Possible new US tariffs on Chinese goods not ‘cataclysmic:’ Ross
SINGAPORE/BEIJING: China yesterday urged the United States to “calm down” and return to reason after the Trump administration sought to ratchet up pressure for trade concessions by proposing a higher 25-percent tariff on $200 billion worth of Chinese imports.
US Trade Representative Robert Lighthizer said on Wednesday that President Donald Trump directed the increase from a previously proposed 10 percent duty because China has refused to meet US demands and has imposed retaliatory tariffs on US goods. Trump’s threats of higher tariffs weighed on China’s financial markets. But Wang Yi, the Chinese government’s top diplomat, said US efforts to pressure China would be in vain, urging its trade policymakers to “calm down”.

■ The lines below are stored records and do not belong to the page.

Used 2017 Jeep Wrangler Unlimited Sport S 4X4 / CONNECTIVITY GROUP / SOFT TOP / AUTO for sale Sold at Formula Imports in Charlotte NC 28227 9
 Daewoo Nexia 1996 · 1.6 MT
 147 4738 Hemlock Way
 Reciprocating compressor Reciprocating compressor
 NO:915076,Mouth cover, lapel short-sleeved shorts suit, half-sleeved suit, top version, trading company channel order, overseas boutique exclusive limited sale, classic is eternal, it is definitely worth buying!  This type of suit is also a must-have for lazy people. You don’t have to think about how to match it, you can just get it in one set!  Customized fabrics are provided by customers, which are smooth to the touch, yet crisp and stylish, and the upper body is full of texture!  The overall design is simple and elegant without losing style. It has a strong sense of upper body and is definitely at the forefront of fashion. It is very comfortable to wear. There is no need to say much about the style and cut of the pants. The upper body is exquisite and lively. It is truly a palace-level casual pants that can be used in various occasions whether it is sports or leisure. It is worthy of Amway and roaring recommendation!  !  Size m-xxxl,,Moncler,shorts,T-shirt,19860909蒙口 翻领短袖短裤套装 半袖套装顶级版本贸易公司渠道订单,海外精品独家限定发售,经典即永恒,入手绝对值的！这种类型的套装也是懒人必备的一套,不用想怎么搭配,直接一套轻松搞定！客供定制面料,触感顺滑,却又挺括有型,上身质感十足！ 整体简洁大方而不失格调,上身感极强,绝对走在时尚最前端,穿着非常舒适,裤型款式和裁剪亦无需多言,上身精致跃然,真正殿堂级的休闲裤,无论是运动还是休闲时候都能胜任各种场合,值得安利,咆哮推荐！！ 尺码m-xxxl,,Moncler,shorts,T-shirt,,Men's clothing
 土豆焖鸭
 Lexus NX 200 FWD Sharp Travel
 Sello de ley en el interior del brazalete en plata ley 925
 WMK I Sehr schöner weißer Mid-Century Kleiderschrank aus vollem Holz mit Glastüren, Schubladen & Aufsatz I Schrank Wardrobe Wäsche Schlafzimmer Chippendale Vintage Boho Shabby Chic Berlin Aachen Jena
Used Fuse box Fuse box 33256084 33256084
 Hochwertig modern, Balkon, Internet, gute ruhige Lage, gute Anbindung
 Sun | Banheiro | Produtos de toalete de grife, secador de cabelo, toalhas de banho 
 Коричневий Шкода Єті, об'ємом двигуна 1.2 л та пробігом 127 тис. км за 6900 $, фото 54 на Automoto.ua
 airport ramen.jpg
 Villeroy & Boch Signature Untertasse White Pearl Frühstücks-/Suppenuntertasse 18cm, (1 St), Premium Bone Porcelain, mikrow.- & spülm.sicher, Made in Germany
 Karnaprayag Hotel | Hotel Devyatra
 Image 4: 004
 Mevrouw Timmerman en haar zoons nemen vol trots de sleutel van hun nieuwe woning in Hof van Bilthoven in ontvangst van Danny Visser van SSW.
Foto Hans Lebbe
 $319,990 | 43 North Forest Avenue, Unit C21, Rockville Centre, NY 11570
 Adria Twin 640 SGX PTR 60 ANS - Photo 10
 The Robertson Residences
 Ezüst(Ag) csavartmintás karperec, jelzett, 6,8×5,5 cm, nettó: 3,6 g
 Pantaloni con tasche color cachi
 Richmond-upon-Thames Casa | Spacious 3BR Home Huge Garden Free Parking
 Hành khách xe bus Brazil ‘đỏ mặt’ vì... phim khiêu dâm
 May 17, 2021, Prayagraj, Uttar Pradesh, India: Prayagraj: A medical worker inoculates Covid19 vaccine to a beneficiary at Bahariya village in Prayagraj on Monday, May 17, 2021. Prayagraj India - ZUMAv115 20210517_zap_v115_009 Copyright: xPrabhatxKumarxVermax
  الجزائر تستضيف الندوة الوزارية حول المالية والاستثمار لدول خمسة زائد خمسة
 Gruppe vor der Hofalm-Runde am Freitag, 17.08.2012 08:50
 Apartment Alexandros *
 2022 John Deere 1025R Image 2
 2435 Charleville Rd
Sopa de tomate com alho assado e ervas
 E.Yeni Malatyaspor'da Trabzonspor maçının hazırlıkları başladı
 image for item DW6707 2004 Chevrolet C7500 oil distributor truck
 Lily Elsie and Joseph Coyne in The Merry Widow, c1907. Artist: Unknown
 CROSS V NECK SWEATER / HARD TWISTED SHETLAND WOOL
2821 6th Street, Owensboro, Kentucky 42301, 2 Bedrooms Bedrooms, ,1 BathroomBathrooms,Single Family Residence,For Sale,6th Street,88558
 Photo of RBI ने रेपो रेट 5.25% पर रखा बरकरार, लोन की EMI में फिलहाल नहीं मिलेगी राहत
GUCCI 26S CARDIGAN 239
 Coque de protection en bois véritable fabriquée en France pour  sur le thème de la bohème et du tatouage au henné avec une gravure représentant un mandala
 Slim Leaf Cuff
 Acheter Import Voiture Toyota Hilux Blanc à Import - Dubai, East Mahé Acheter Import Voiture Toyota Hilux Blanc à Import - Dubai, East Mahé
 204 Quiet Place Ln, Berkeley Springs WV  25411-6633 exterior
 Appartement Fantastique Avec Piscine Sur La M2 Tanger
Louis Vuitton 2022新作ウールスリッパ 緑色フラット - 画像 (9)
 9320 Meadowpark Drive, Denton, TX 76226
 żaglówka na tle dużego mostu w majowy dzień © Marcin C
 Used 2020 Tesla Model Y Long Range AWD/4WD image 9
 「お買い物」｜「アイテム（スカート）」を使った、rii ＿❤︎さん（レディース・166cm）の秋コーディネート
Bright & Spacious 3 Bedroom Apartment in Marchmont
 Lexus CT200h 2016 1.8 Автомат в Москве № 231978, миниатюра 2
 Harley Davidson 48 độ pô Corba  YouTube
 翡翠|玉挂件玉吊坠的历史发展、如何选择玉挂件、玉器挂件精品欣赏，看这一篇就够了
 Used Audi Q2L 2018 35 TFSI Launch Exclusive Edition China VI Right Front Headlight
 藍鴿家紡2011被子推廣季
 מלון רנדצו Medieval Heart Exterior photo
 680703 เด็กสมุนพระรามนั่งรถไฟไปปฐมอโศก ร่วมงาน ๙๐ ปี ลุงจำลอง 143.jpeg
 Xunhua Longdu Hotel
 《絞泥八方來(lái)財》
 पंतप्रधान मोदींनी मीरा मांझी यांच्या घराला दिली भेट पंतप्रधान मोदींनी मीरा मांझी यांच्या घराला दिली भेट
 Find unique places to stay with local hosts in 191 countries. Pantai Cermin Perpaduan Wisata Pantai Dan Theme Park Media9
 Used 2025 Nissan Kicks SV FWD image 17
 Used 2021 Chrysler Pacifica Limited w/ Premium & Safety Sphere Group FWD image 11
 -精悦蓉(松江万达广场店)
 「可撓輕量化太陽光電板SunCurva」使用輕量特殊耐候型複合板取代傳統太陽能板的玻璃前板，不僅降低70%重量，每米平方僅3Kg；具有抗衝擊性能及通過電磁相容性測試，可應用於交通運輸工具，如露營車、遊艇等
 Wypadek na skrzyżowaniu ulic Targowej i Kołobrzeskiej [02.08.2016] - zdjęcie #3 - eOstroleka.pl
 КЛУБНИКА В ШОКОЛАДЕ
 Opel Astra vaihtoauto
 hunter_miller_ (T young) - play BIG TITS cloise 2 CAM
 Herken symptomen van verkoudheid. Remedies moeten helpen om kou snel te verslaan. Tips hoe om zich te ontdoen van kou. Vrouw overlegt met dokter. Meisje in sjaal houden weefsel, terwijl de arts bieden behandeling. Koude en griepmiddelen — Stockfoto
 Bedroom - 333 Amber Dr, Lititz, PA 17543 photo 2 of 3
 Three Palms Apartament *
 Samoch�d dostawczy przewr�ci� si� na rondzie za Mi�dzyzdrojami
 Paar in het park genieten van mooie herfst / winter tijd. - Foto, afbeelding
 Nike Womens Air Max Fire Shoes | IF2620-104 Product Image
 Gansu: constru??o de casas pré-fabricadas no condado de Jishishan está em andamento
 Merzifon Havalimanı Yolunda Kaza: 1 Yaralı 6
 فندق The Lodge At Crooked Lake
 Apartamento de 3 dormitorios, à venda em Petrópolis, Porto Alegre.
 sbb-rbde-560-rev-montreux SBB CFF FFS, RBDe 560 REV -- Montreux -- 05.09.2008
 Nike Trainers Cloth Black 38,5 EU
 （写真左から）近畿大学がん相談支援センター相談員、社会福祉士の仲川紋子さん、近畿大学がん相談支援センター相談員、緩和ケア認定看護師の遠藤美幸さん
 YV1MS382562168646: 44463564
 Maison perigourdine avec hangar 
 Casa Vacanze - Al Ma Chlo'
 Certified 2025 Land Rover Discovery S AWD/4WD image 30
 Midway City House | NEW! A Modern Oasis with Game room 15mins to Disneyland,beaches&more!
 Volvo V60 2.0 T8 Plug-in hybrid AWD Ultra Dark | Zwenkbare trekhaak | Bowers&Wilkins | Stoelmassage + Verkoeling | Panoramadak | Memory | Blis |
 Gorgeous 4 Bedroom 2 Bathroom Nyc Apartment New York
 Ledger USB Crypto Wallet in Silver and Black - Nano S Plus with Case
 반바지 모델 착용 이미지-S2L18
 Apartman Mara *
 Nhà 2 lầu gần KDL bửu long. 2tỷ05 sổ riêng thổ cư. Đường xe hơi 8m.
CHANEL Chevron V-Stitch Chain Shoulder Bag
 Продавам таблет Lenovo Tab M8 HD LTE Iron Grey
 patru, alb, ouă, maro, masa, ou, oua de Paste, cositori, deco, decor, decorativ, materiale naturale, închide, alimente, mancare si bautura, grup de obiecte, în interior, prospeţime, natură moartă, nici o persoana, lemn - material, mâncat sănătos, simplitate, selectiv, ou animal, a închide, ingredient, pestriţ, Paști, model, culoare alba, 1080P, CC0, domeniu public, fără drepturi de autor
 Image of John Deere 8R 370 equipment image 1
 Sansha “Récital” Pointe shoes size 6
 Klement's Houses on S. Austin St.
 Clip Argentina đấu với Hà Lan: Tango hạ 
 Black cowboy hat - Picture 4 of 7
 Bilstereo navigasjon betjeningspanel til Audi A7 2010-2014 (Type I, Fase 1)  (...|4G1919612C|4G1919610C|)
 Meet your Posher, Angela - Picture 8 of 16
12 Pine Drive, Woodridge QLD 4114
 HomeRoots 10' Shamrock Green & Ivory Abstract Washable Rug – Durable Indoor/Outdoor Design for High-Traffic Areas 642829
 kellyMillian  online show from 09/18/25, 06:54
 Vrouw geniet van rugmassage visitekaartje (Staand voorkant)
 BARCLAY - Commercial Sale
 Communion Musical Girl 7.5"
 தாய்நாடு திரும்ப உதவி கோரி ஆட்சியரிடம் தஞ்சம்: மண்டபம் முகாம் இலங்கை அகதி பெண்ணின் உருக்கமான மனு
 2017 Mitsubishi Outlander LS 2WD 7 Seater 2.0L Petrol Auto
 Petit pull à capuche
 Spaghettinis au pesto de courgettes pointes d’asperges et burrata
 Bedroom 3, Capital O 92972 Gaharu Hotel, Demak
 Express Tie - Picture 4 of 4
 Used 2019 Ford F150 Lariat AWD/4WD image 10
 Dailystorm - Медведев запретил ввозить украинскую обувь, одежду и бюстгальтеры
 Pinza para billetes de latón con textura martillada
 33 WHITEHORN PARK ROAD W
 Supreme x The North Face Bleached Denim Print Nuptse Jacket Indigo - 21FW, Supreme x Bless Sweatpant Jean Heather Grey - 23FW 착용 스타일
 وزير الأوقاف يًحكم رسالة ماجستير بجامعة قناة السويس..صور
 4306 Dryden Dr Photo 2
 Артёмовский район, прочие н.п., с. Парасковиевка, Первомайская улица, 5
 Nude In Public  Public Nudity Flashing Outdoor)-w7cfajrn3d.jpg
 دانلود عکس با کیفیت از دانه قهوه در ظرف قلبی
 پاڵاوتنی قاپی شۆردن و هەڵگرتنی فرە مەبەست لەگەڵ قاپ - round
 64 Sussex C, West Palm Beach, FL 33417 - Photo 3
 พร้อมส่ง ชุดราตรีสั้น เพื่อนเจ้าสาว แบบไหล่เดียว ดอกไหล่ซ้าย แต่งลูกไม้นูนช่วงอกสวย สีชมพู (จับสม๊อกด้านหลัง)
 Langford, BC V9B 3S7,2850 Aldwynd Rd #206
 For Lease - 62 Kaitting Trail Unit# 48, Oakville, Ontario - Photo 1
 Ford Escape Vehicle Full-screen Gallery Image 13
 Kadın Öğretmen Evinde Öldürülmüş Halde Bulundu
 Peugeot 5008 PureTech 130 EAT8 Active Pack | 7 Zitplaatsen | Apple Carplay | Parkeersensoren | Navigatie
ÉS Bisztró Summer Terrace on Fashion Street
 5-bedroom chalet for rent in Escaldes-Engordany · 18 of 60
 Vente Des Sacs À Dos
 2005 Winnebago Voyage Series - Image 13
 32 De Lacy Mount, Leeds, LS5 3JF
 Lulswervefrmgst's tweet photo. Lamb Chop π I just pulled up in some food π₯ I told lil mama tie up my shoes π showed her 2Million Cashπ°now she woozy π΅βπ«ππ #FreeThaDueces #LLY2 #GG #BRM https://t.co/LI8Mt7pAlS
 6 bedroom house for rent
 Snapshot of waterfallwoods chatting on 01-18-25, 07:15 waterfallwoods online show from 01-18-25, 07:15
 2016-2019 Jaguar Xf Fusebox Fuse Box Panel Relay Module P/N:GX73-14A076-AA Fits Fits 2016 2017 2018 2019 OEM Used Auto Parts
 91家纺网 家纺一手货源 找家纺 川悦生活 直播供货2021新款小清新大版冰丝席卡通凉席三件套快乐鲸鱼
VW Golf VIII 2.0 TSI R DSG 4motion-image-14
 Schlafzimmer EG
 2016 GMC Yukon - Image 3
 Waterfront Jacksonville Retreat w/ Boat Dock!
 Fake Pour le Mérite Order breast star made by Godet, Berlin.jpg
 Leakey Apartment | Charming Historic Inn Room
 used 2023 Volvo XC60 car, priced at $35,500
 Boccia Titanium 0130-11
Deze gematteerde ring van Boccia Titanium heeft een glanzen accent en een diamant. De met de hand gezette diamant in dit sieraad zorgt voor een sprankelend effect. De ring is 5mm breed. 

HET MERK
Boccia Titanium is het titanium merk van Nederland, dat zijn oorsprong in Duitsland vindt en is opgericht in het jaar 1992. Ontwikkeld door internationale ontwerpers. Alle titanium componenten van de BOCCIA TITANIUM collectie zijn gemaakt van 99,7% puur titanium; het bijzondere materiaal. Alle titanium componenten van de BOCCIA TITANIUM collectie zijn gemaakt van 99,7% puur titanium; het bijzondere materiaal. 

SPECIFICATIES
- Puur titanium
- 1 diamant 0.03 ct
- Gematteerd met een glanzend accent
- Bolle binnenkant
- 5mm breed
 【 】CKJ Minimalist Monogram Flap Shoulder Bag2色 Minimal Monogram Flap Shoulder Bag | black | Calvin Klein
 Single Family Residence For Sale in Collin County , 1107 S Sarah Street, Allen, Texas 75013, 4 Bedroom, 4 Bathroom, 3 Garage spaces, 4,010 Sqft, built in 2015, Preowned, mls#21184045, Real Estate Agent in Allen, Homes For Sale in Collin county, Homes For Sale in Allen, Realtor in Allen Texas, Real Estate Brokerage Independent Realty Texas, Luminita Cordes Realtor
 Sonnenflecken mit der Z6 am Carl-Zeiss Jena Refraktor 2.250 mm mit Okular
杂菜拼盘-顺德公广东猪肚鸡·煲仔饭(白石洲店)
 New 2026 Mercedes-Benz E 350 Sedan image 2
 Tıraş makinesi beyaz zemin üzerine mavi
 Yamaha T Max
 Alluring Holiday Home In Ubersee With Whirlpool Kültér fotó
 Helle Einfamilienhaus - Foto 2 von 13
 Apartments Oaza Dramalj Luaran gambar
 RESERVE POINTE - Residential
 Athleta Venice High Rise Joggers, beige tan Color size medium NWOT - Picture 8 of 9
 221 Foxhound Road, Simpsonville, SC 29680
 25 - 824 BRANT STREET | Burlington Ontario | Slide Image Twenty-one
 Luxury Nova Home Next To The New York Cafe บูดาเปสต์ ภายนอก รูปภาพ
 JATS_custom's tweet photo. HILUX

“We hope that those directly involved in the United States’ trade policies can calm down, carefully listen to the voices of US consumers…and hear the collective call of the international community,” Wang, a member of the country’s state council, or cabinet, said in Singapore.
“The United States’ method of adding pressure will not, I’m afraid, have any effect,” he told reporters on the sidelines of a regional forum. Worsening trade tension between the two countries would not affect China’s stance on the denuclearization of the Korean peninsula, Wang said. “We deal with diplomatic matters on the basis of principle, not by engaging in trade.”
The Chinese yuan also ticked lower against the dollar, extending its year-to-date decline to more than 4.5 percent. There have been no formal talks between Washington and Beijing for weeks over Trump’s demands that China make fundamental changes to its policies on intellectual property protection, technology transfers and subsidies for high technology industries.
Foreign Ministry spokesman Geng Shuang reiterated at a regular news briefing in Beijing that the United States’ efforts at “blackmail” would fail. “We would advise the United States to correct its attitude and not try to engage in blackmail. This won’t work on China,” Geng said.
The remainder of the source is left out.